Category: Markets / Finance / May 14, 2013 6:57 PM EDT
This is what many envision when they think of a trading floor like the New York Mercantile Exchange (NYMEX); however, the day-to-day life of a floor trader has changed drastically from the old days as electronic trading becomes the new norm.
Jeff Grossman, President of BRG Brokerage Inc., has been working on the floor of NYMEX just about longer than anyone and has seen first-hand how the exchange has gone from a roaring trading floor, to what is now just a small band of traders who are losing their voice to electronic trading. Grossman weighed in with IBTimes TV's Jessica Menton about his experience over the last three decades working on the NYMEX trading floor.
What began as the Butter and Cheese Exchange in 1872 evolved to the New York Mercantile Exchange in 1882: the world's largest physical commodity futures exchange and a preeminent forum for energy and metals trading.
NYMEX once held a virtual monopoly on commodity trading, but in the early 2000s the electronically based exchanges, such as the Intercontinental Exchange, Inc. (ICE), started taking away the business of the open outcry markets.
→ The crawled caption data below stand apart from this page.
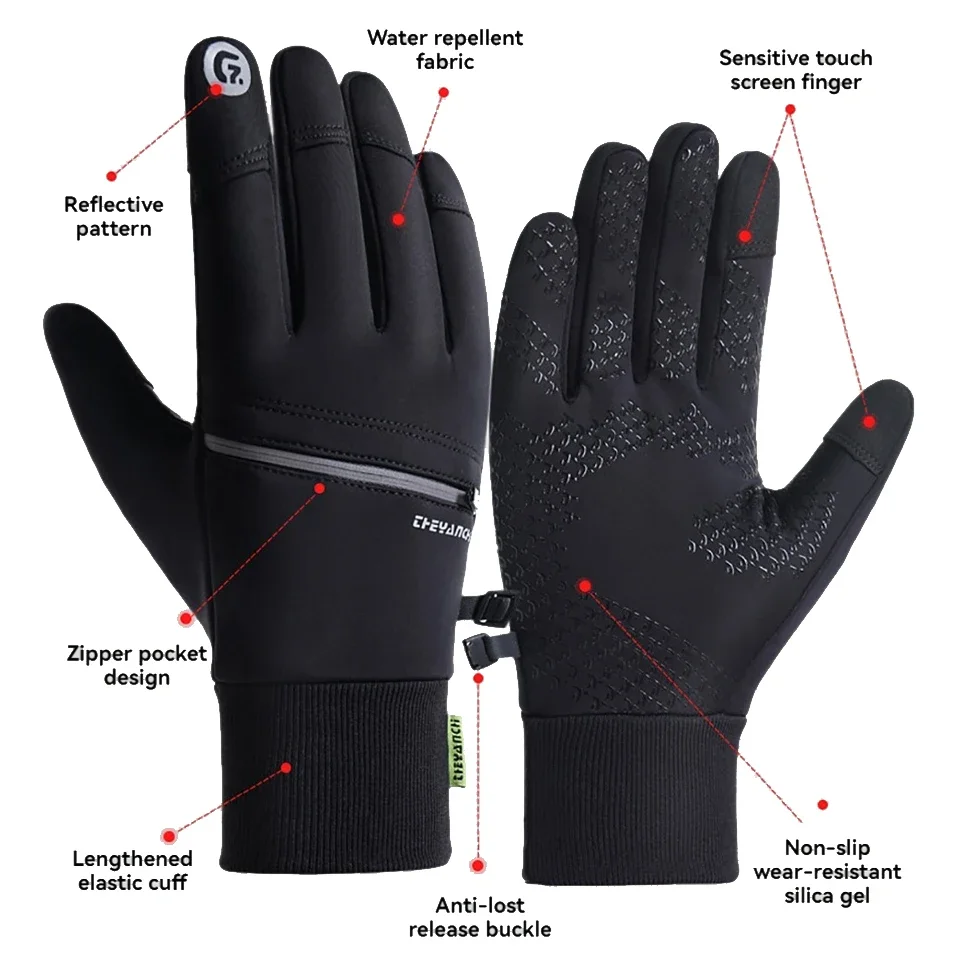 GOBYGO 1Pair Warm Cycling Gloves With Pocket Bicycle Motorcycle Riding Waterproof Non-slip  Full Finger Sports Gloves Unisex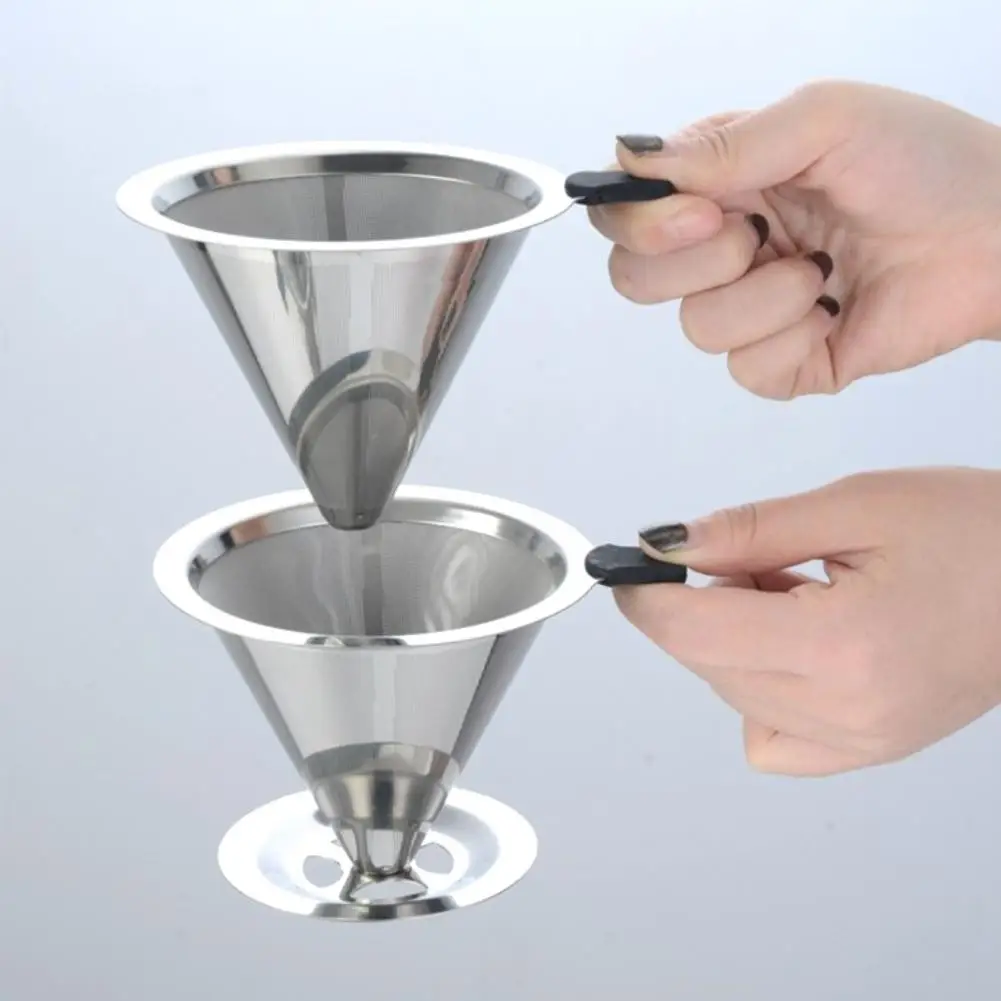 

New Arrival Reusable Double Stainless Steel Mesh Drip Coffee Filter Cone Cup Brewer Tool with Base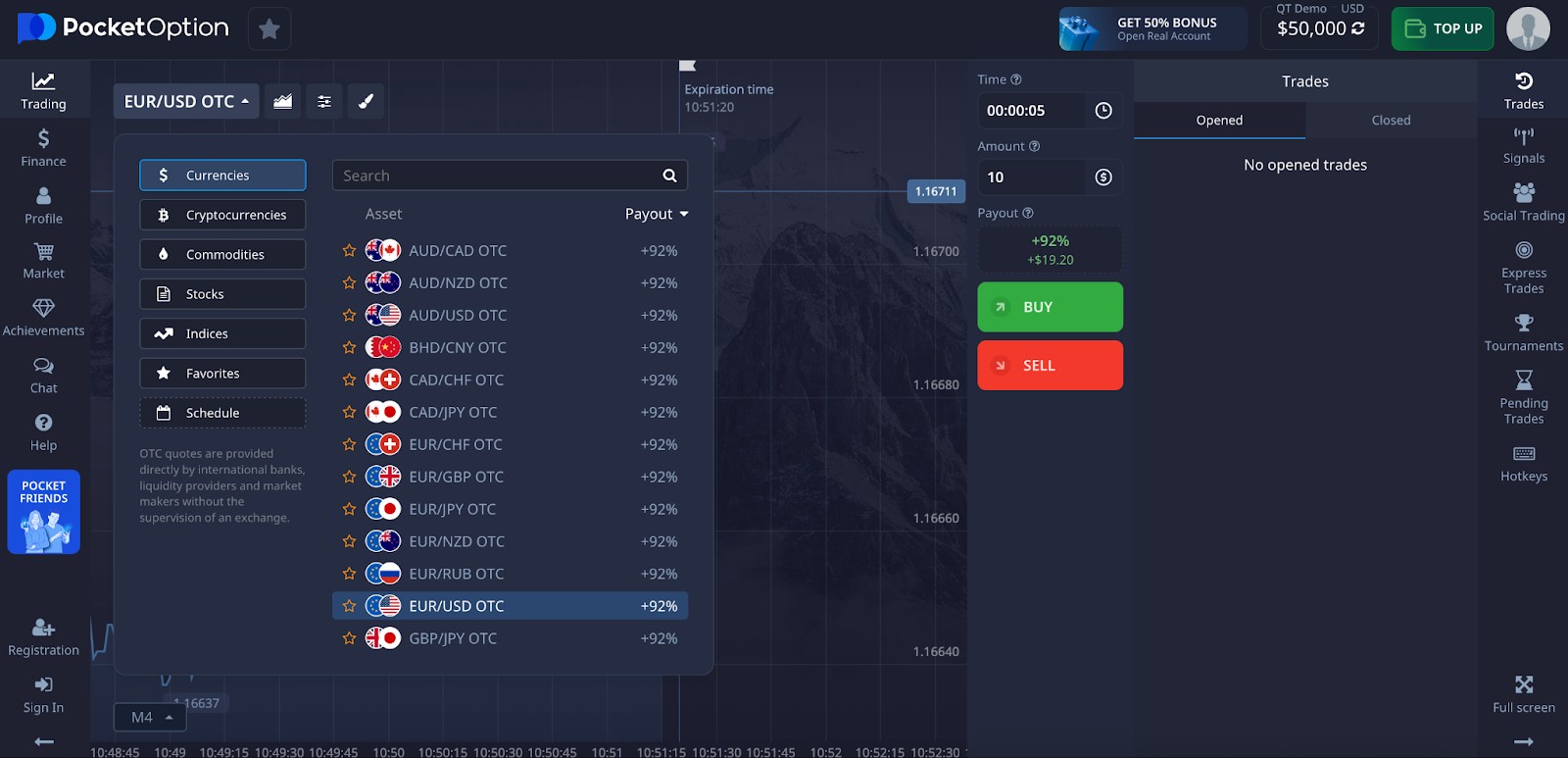 Настройки быстрой торговли Pocket Option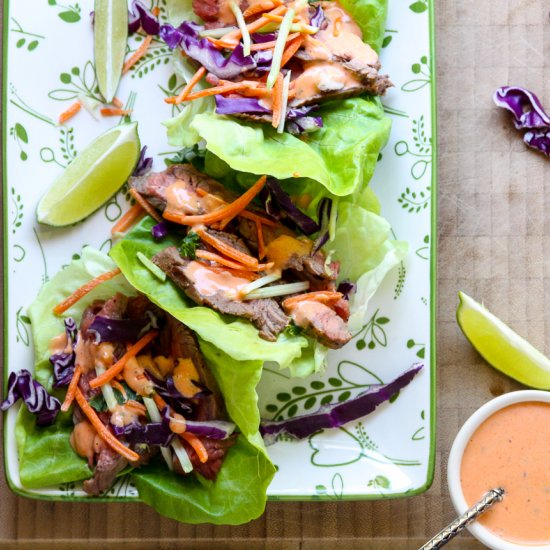 Ranch Steak Lettuce Wraps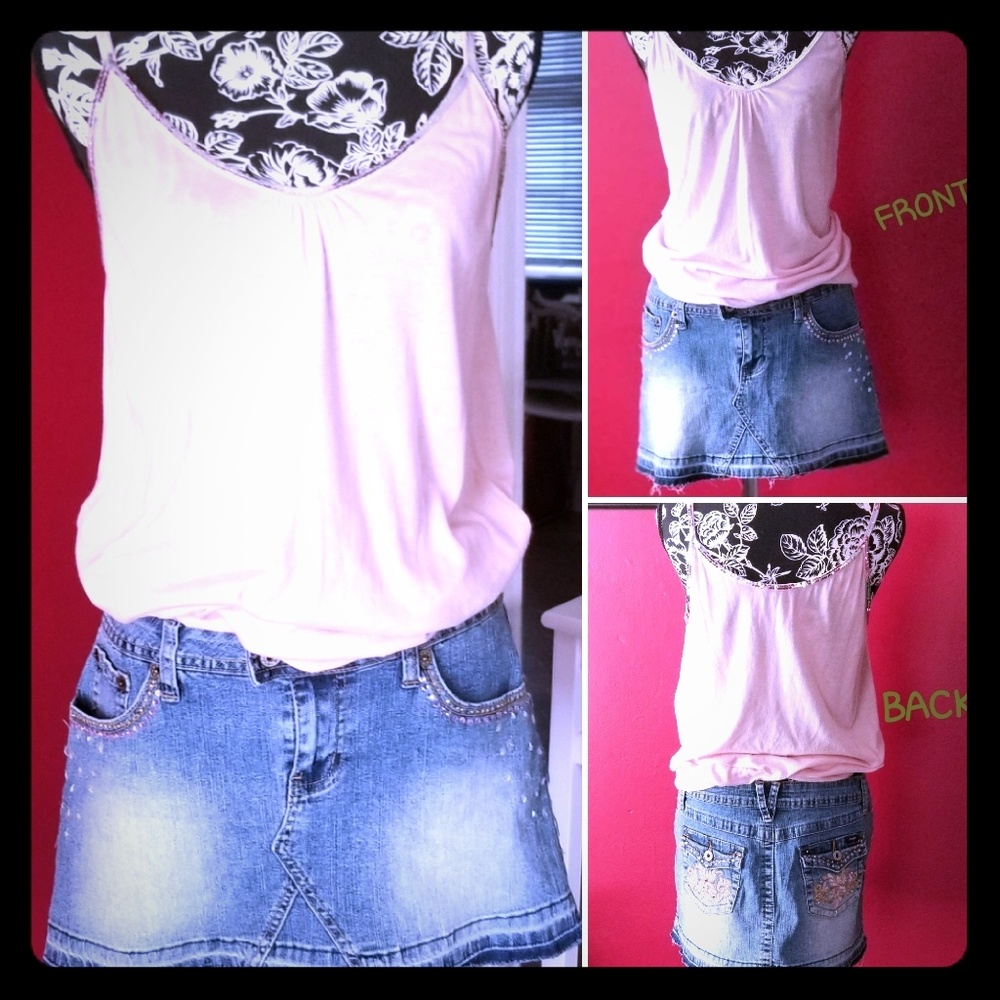Stretchy Mini Jean Skirt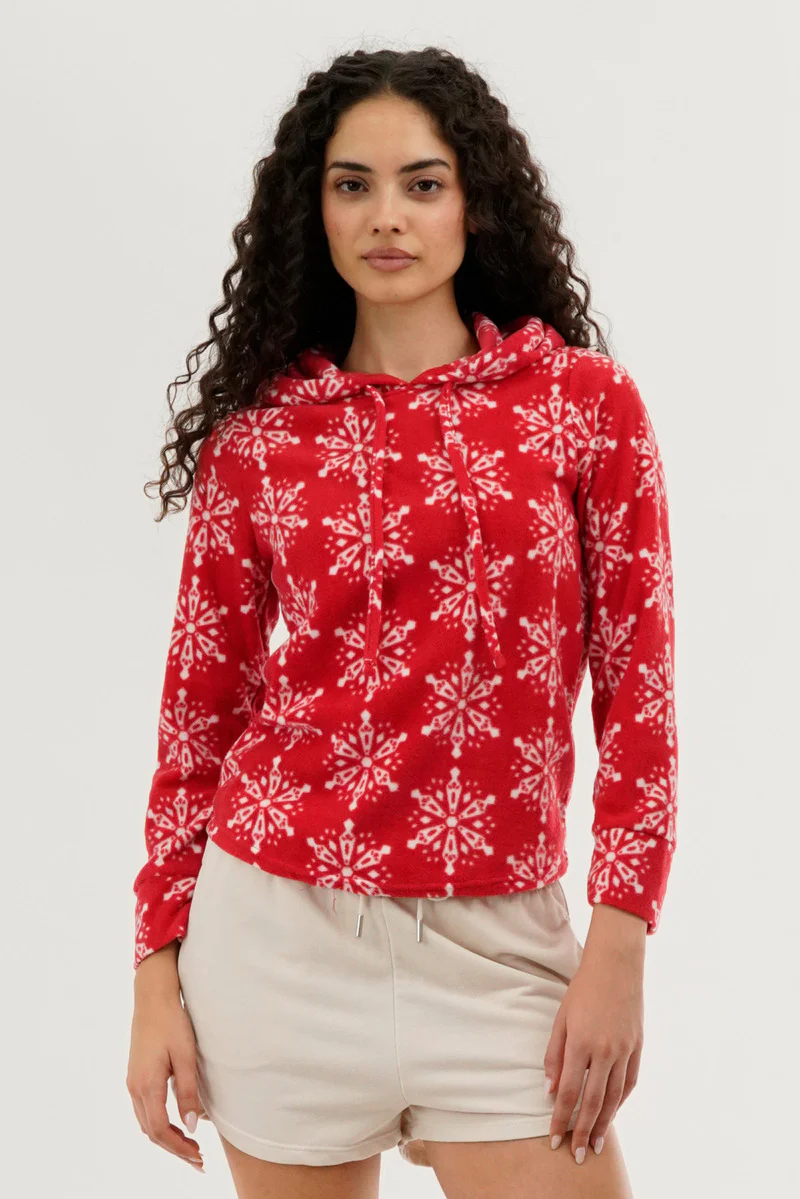 Canada Weather Gear Festive Print Hooded Pajama Top - Red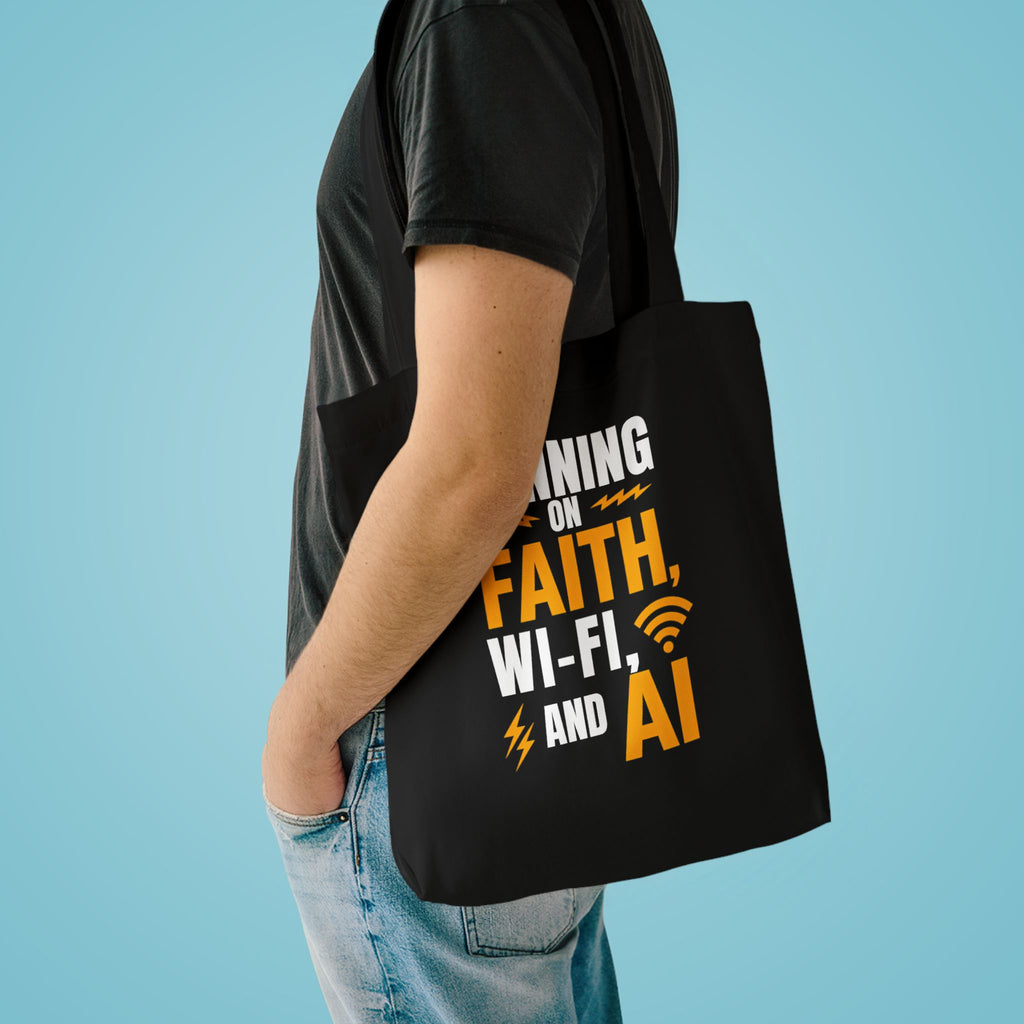Running On Faith, Wi-Fi, And AI Tote Bag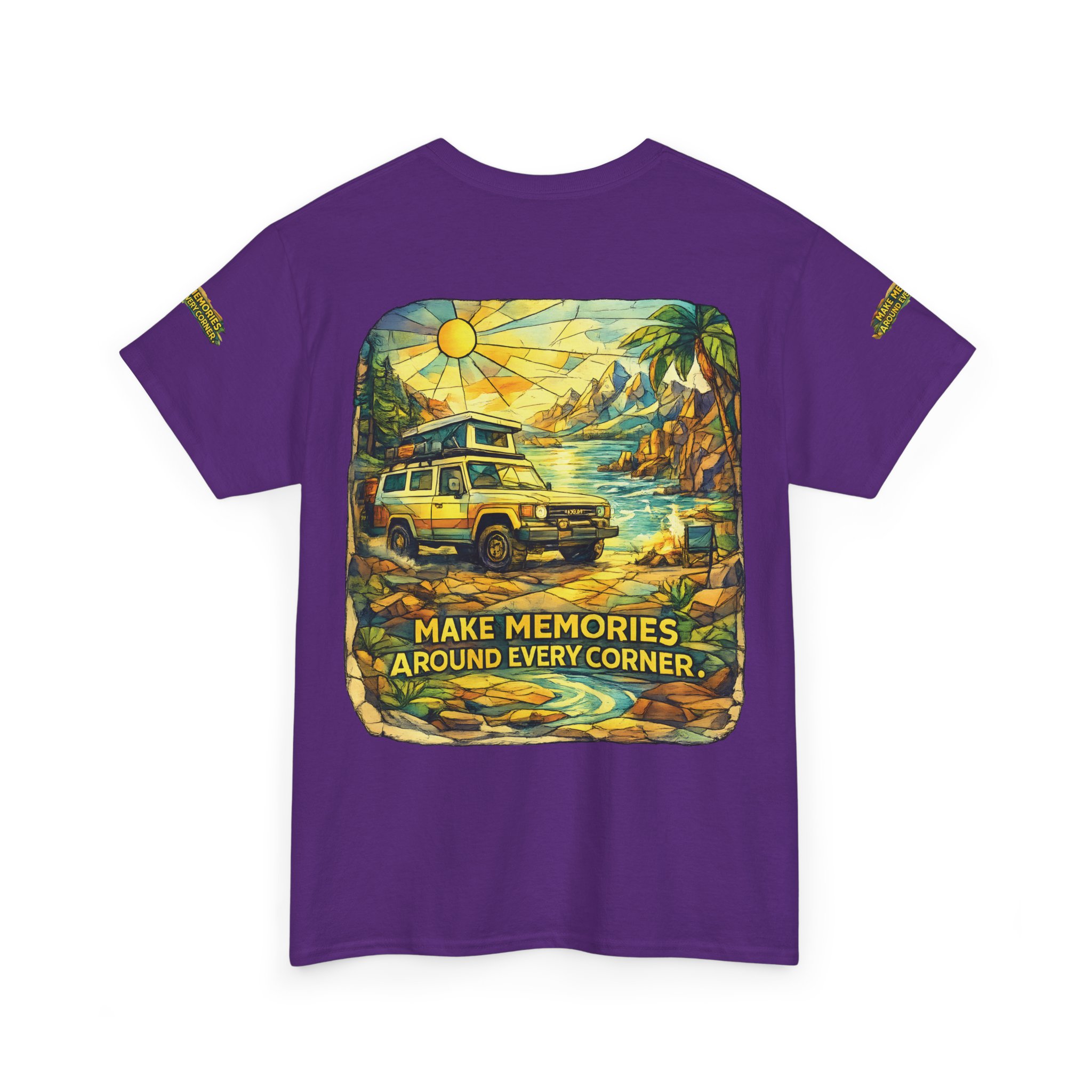 5898635273772913008_2048.jpeg Unisex Heavy Cotton Tee — "Make Memories Around Every Corner" Design Cubic-Line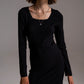 Midi Knit Dress With Square Neckline in Black - Szua Store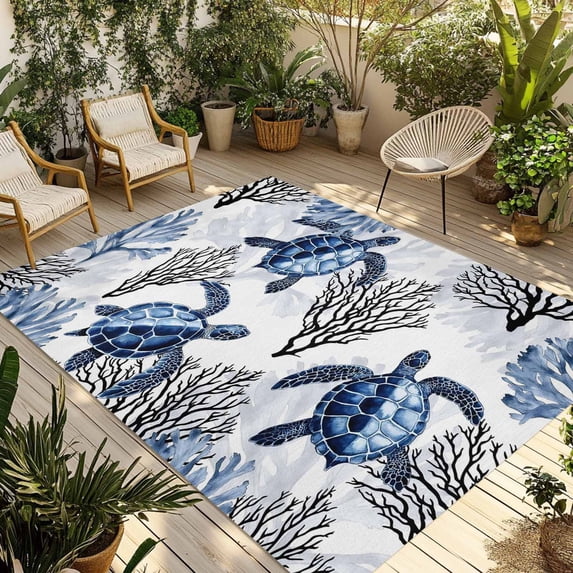 Coastal Sea Turtles Outdoor Rug for Patio/Deck/Porch, Non-Slip Large Area Rug 3 x 5 Ft, Blue Summer Coral Ocean Beach Indoor Outdoor Rugs Washable Area Rugs, Reversible Camping Rug Carpet Runner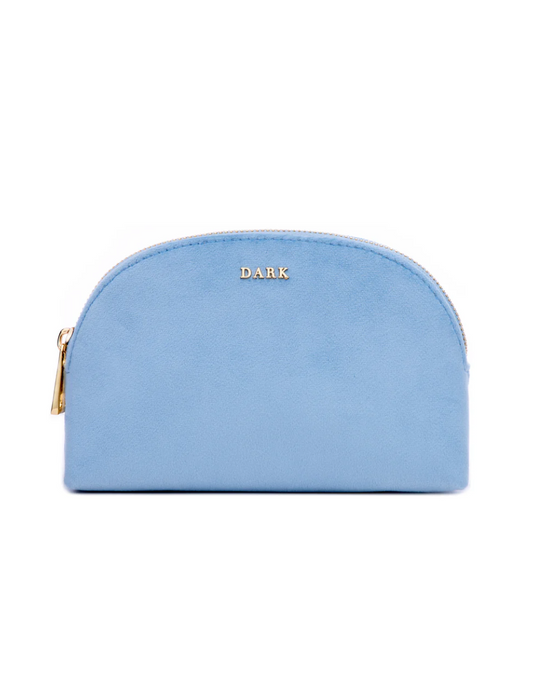 VELVET MAKE-UP POUCH SMALL LIGHT BLUE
Although executives at NYMEX felt that electronic trading was the only way to keep the exchange competitive, most open outcry traders were against it because it threatened their jobs.
In 2006, NYMEX teamed up with the Chicago Mercantile Exchange to use the CME Globex electronic trading platform, which made CME the exclusive electronic trading services provider for NYMEX's energy futures and options contracts through 2016.
CME Group Inc. (NASDAQ: CME), which also owns the Chicago Mercantile Exchange and Chicago Board of Trade, acquired NYMEX Holdings, Inc. in 2008.
Since then, the trading pits have emptied out as mostly computers are now performing the bids.
Grossman is one of the few traders trying to preserve the open outcry system.